BEGIN EXTRACTED RECORDS

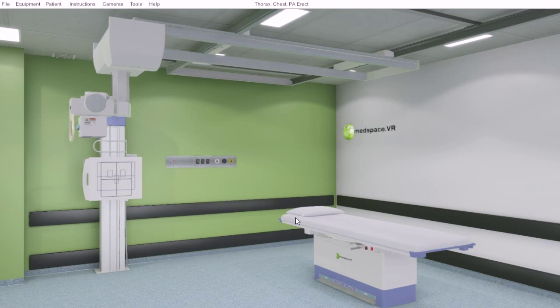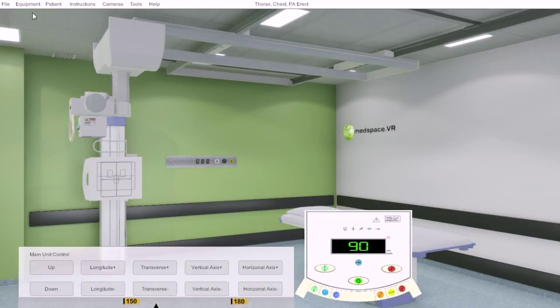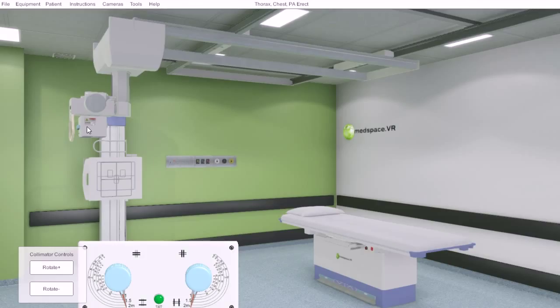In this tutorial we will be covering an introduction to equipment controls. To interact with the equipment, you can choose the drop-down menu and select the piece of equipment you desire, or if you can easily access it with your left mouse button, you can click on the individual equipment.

END EXTRACTED RECORDS
BEGIN EXTRACTED RECORDS

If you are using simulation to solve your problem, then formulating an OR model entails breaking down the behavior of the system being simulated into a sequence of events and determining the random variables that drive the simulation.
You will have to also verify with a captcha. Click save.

END EXTRACTED RECORDS
BEGIN EXTRACTED RECORDS

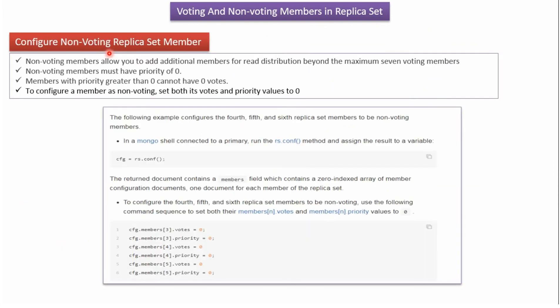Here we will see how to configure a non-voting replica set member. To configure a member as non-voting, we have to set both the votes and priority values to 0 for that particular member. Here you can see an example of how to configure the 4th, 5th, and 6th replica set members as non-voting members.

END EXTRACTED RECORDS

- **WORK INSTRUCTIONS**
Transcribe the records above exactly, beginning at the line that contains "If you are using" and ending with the line that contains "You will have", both included, and nothing else.

- **ANSWER FOR THE TASK**
If you are using simulation to solve your problem, then formulating an OR model entails breaking down the behavior of the system being simulated into a sequence of events and determining the random variables that drive the simulation.
You will have to also verify with a captcha. Click save.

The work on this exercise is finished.